On Thursday, April 25, the long vigil ended. The troops from Annapolis, who had waited there to put a damaged locomotive in order, so they could bring their cannon and equipment, finally arrived in the city at noon. An enormous crowd flocked to the station to greet them. The streets were lined with cheering people as the men of the Northern regiments marched triumphantly down Pennsylvania Avenue with bands playing and flags flying.

More men came through from Annapolis on the next day. The isolation of the city was over, and Washington again became the capital of the nation—or at least of that part of it which still held allegiance to the United States.

During the weeks that followed, more and more troops kept pouring into the capital until it finally became a huge armed camp. Tents were pitched in open spaces; cannon were dragged through the streets and mounted in positions where they would command the approaches to the city. As Washington thus fortified itself, and the determination of the Northern states to oppose secession became evident, resistance died down in Maryland. By the middle of May, the railroad through Baltimore had been opened, and a majority of the people of the state had made it clear that they had no intention of joining the South. Naturally a strong secession element still existed, but there were enough pro-Union men in the state to hold it in the Union throughout the war.

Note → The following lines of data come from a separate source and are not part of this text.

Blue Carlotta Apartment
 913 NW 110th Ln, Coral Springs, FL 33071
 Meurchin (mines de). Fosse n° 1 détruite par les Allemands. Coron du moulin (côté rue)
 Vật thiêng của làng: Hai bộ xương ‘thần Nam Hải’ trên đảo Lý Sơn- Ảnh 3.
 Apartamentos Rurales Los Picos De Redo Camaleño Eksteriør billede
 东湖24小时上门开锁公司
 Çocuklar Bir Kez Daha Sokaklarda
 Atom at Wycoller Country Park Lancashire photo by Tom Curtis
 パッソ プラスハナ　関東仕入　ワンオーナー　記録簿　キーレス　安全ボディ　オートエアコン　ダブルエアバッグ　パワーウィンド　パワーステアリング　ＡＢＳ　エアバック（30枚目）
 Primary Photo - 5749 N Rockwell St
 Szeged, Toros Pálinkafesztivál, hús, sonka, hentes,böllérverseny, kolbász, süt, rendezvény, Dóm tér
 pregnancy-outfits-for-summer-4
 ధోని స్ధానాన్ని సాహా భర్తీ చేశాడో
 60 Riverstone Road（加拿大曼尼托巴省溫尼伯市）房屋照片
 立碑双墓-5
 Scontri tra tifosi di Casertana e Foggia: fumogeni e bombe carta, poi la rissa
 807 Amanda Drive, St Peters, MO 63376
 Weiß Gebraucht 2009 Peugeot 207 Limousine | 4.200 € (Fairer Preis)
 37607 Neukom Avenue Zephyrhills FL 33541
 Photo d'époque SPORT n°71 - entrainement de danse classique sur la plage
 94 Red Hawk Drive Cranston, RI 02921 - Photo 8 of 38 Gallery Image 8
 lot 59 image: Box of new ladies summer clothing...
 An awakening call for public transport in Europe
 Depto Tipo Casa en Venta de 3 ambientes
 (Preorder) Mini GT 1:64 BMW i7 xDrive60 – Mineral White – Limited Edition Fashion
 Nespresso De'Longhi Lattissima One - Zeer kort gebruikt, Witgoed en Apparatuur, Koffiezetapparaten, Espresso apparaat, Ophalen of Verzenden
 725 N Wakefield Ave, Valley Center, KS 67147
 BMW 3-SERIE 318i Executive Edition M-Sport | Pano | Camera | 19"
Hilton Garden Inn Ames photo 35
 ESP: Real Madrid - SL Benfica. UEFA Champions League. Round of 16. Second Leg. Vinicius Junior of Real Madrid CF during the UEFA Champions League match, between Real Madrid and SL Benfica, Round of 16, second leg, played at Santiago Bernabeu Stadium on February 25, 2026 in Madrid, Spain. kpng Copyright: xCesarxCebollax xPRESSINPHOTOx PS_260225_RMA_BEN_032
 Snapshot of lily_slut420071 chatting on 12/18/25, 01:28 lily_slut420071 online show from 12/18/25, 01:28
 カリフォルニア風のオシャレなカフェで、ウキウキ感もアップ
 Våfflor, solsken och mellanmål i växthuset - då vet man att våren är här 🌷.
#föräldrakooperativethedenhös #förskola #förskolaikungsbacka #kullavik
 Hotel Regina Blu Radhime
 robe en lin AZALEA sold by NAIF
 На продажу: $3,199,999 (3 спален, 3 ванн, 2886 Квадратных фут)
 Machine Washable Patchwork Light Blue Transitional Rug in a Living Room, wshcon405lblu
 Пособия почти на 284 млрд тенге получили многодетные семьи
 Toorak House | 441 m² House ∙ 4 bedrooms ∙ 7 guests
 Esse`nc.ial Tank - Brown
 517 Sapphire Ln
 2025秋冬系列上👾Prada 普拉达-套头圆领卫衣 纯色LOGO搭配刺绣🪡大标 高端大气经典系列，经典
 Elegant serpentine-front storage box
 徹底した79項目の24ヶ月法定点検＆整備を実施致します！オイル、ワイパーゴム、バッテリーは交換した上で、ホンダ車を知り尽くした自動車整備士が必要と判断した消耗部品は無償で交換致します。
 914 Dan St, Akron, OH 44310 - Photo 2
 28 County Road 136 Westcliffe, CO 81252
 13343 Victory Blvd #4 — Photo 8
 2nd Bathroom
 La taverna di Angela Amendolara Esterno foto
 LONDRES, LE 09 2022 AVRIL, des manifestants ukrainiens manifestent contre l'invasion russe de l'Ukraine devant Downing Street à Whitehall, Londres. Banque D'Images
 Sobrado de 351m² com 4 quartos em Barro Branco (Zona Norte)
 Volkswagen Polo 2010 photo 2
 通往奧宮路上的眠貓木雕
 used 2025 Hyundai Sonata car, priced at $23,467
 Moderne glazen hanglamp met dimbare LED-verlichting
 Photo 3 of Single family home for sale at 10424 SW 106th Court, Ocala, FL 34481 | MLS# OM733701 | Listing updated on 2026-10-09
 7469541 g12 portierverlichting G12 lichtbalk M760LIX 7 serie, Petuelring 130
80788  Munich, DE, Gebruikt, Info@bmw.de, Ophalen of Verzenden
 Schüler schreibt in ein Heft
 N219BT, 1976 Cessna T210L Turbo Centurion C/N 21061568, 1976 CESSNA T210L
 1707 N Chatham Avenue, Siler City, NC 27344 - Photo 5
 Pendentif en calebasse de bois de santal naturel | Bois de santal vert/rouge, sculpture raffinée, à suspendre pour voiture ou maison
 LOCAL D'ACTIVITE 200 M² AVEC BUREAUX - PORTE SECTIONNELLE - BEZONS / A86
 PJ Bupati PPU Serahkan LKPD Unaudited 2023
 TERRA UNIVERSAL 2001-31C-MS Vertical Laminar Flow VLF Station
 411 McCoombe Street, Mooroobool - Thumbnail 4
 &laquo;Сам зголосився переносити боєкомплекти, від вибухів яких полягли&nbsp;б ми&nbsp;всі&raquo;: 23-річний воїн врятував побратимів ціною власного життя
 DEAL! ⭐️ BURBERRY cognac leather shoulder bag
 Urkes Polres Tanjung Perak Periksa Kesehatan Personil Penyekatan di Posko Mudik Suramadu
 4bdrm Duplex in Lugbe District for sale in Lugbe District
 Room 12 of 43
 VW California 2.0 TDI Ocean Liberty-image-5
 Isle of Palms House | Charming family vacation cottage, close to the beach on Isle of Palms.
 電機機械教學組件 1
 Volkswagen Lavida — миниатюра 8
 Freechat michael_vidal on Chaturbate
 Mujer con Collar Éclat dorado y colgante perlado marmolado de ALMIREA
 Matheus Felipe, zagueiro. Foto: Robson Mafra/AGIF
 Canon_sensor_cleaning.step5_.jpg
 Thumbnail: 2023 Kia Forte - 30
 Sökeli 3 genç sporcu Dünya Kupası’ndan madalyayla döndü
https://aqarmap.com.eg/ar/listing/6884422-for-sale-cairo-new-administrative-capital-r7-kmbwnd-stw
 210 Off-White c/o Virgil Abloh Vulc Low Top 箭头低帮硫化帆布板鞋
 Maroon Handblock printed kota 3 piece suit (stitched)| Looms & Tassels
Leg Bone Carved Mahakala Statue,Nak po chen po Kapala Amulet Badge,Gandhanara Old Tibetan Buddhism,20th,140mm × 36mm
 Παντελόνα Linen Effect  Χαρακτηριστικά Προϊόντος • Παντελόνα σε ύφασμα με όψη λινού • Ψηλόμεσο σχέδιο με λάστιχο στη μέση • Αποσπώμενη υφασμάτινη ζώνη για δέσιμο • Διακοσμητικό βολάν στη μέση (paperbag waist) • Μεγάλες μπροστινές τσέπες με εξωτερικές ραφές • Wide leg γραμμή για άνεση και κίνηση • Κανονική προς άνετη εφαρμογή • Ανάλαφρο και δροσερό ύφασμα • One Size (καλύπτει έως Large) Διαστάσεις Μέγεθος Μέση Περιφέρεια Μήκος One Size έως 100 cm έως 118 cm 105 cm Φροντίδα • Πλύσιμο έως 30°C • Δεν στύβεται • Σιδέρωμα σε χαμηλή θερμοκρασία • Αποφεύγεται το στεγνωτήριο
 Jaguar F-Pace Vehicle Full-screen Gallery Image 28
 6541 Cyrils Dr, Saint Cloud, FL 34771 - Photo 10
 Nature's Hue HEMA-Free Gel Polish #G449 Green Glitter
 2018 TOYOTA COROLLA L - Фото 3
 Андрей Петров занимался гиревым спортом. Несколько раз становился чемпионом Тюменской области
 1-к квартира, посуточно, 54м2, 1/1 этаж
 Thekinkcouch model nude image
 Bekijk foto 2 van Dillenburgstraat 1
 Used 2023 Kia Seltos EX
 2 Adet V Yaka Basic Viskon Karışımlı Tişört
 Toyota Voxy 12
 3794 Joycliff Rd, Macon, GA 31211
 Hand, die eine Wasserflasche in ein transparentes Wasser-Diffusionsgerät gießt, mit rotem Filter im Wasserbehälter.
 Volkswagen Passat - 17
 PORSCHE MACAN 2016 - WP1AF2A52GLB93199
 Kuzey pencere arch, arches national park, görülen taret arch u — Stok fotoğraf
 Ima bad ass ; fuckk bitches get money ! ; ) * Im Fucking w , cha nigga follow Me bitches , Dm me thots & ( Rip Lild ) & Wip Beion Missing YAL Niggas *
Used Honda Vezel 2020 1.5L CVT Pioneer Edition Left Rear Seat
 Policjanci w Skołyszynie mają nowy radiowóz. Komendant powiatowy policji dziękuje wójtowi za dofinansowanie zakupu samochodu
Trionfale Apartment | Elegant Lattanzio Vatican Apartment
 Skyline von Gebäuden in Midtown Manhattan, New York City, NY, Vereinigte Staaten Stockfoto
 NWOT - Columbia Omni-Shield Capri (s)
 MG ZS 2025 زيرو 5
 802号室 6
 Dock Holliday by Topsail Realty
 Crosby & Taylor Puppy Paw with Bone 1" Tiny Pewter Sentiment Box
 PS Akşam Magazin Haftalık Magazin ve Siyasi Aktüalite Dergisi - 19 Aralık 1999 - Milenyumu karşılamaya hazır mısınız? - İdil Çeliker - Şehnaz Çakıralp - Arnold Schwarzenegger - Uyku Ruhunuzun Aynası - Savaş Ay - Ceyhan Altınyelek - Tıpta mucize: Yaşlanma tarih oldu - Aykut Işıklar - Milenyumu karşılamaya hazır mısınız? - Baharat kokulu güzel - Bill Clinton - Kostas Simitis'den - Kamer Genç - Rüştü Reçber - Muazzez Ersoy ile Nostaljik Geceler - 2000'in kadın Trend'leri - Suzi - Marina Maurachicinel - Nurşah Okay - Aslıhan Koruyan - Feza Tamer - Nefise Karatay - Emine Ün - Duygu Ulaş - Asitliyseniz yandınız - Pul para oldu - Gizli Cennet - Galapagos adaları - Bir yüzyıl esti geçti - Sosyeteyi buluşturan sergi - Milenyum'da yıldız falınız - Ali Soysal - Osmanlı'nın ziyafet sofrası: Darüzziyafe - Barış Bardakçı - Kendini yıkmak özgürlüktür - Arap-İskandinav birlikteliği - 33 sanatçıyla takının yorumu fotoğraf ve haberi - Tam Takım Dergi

THE LINCOLNS IN THE WHITE HOUSE

The Lincoln family now had their first opportunity to settle down in their new quarters in the White House. Mrs. Lincoln
was destined to be disappointed in her ambition to become the reigning social queen of the nation’s capital. The Southern families who had dominated Washington society withdrew from the city to return to their homes. The Northern ladies who succeeded them had no intention of accepting Mrs. Lincoln as their leader. To them she was a parvenue from the Middle West, unworthy of ranking among the great families of New England and New York. She had not been in Washington since her husband’s brief sojourn there as an obscure Congressman, so she had no acquaintanceship with important people in the city. And the fact that several members of her family in Kentucky joined the rebel army made her suspect not only in society circles, but among the plain people as well. She became exceedingly unpopular, and her own imperious manner alienated even those few who had been predisposed to be friendly toward her. Her life in the White House was an unhappy one. The wife of a war President can make a name for herself in history, but she is not likely to become a great social success. Only a woman impervious to public opinion would make the attempt to do so at a time when the best blood of the nation was being poured out in fratricidal strife.